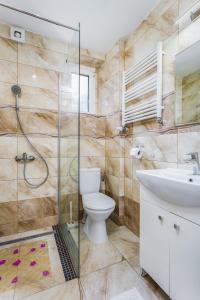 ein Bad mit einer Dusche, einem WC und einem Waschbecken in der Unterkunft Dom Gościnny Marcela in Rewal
________________________
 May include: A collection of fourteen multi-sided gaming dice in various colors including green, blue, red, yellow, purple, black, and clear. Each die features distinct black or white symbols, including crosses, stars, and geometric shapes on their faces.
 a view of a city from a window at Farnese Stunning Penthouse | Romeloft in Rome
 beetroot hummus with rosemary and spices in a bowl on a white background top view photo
________________________
Task prompt> Only the lines above starting with the one with "May include: A" and going through the one with "beetroot hummus with" are to be copied, word for word and with both ends kept.

Response for this exercise>
 May include: A collection of fourteen multi-sided gaming dice in various colors including green, blue, red, yellow, purple, black, and clear. Each die features distinct black or white symbols, including crosses, stars, and geometric shapes on their faces.
 a view of a city from a window at Farnese Stunning Penthouse | Romeloft in Rome
 beetroot hummus with rosemary and spices in a bowl on a white background top view photo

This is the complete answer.